It seems that there are new stories every day about teachers making bad choices. This morning, while Stu and I finished packing for our upcoming trip to Orlando with students for the Florida Scholastic Press Association convention, I heard a news story about a teacher who had been filmed in class screaming at a student and was being fired. Captain Jeffrey Daughtry, a math teacher at a Sarasota military academy, was filmed for 18 seconds berating a student, shouting “Open your mouth again and you will die.” This story comes only a few days after a Polk County teacher was arrested and subsequently fired for having sex with a student, and the Pasco county PLACE supervisor who was found in possession of thousands of images of child pornography. Ugh.
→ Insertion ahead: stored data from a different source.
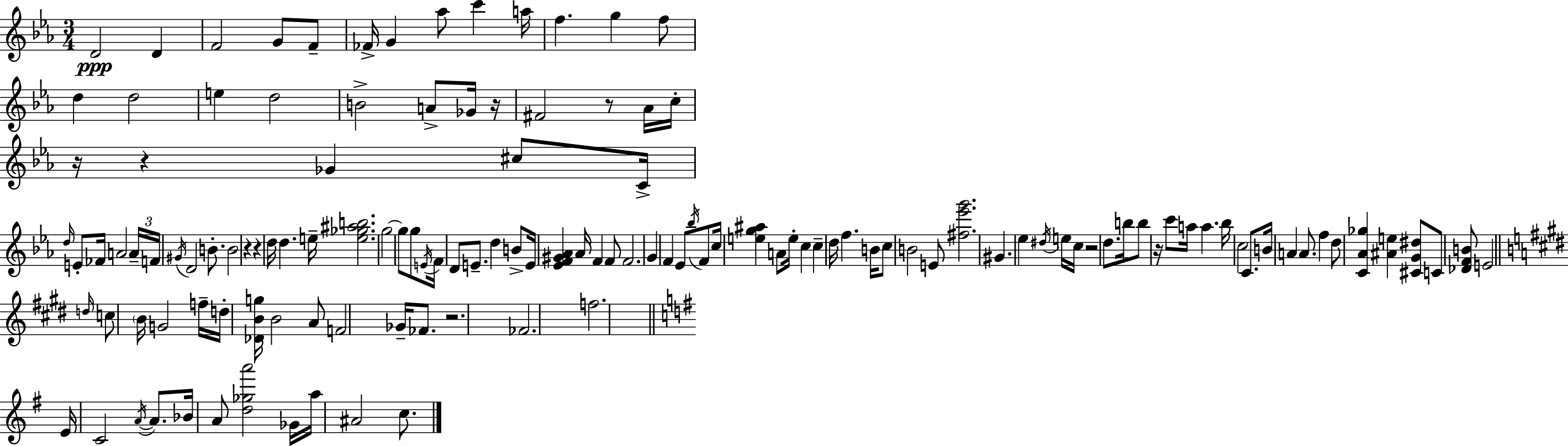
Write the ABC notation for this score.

X:1
T:Untitled
M:3/4
L:1/4
K:Eb
D2 D F2 G/2 F/2 _F/4 G _a/2 c' a/4 f g f/2 d d2 e d2 B2 A/2 _G/4 z/4 ^F2 z/2 _A/4 c/4 z/4 z _G ^c/2 C/4 d/4 E/2 _F/4 A2 A/4 F/4 ^G/4 D2 B/2 B2 z z d/4 d e/4 [e_g^ab]2 g2 g/2 g/2 E/4 F/4 D/2 E/2 d B/2 E/4 [_EF^G_A] _A/4 F F/2 F2 G F _E/2 _b/4 F/2 c/4 [eg^a] A/2 e/4 c c d/4 f B/4 c/2 B2 E/2 [^f_e'g']2 ^G _e ^d/4 e/4 c/4 z2 d/2 b/4 b/2 z/4 c'/2 a/4 a _b/4 c2 C/2 B/4 A A/2 f d/2 [C_A_g] [^Ae] [^CG^d]/2 C/2 [_DFB]/2 E2 d/4 c/2 B/4 G2 f/4 d/4 [_DBg]/4 B2 A/2 F2 _G/4 _F/2 z2 _F2 f2 E/4 C2 A/4 A/2 _B/4 A/2 [d_ga']2 _G/4 a/4 ^A2 c/2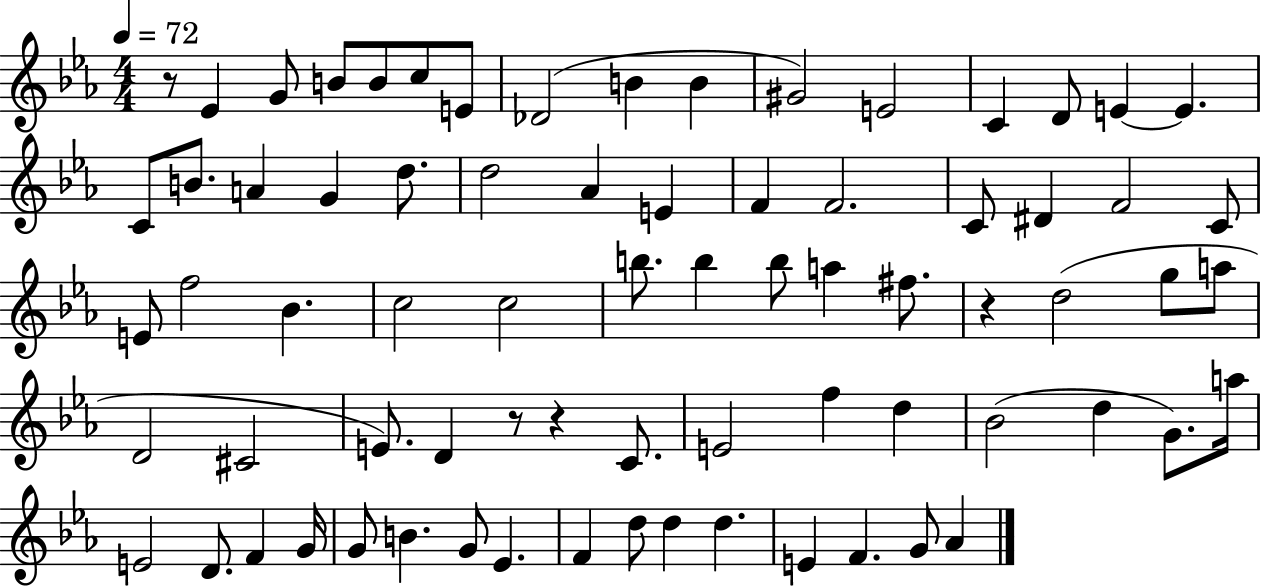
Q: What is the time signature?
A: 4/4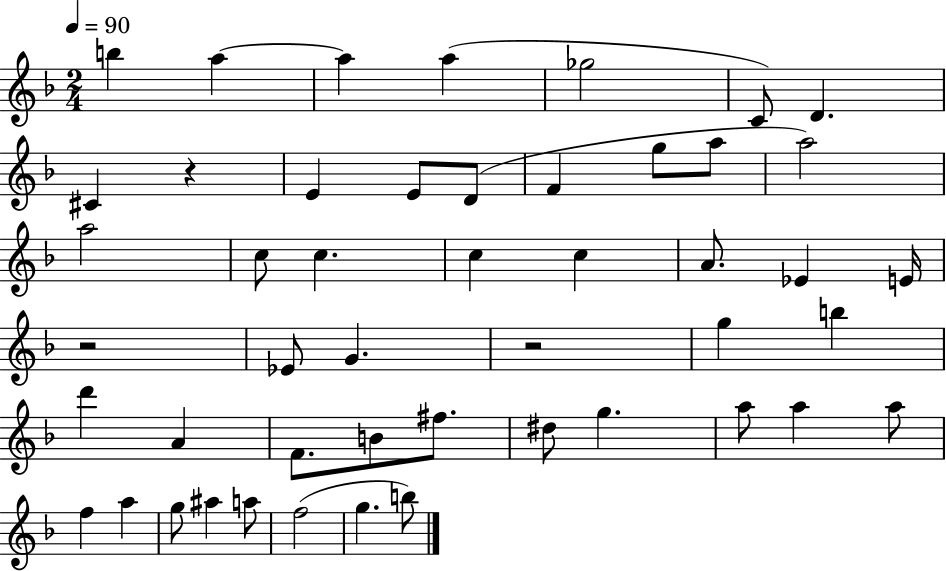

It makes me so angry when teachers, or, at least, the very narrow population of *really* bad teachers, make us all look bad with their actions. The thought of one of my peers taking advantage of her position of authority over a student makes me feel ill. But sitting in the car with the two students I was charged with driving to Orlando, listening to them complain about their teachers, I realized that it’s not just the *really* bad teachers that are making teachers look bad. It’s the teachers who don’t care, who don’t do the work necessary to be good at the job, who are impatient, who are rude, who are lazy. I spent a lot of the trip trying to shed some light on how teachers think. I told these girls that there are plenty of kids who don’t like me, and plenty of days when I don’t feel like working as hard as is necessary, and I’m not always very nice to kids. I was attempting to explain away some of the complaints that they have about teachers. But I know that I beat myself up over these infractions. I strive to be better, to write better lessons, to grade student work more quickly, to be kind even when a kid has made me crazy. The worst damage to my profession doesn’t come from the few serious offenders, but the more pervasive threat of teachers who can’t be bothered.
On the other hand, in this age of very prevalent social media, teachers often find themselves as digital stars. Daughtry, a veteran, was fired for a rant that was captured on video, but claims that those 18 seconds don’t represent who he is. I have to confess that I’m not proud of every 18 seconds that happen in my classroom. Anything, taken out of context, might be construed as inappropriate, offensive, even damaging to a student’s self-esteem. We’re encouraged to allow our students to use their cell phones and other technology in the classroom, but those same cell phones are used to capture moments that we don’t necessarily plan or approve. Also, we’re human. Kids are human. By nature of our humanity, we are regularly in conflict with one another. Can you remember how you treated your parents growing up? Can you remember a time when your parents lashed out at you? Yeah, that happens in the classroom. Teachers see our students at least one hour every day for more than 180 school days. It is inevitable that teachers will come into conflict with their students. That’s good teaching. If we allowed students to do whatever they want, our classrooms would be chaos. But in order to maintain control, we must exert authority, authority that is occasionally frustrating to students.
I’m not condoning nor condemning Daughtry’s rant. I just know that if I were in the same situation, I would hope for a certain amount of grace before administration and the community judged my behavior. I also hope that I have earned enough respect from my students that they refrain from filming me, even in my silly, goofy, and awkward moments when it is most tempting.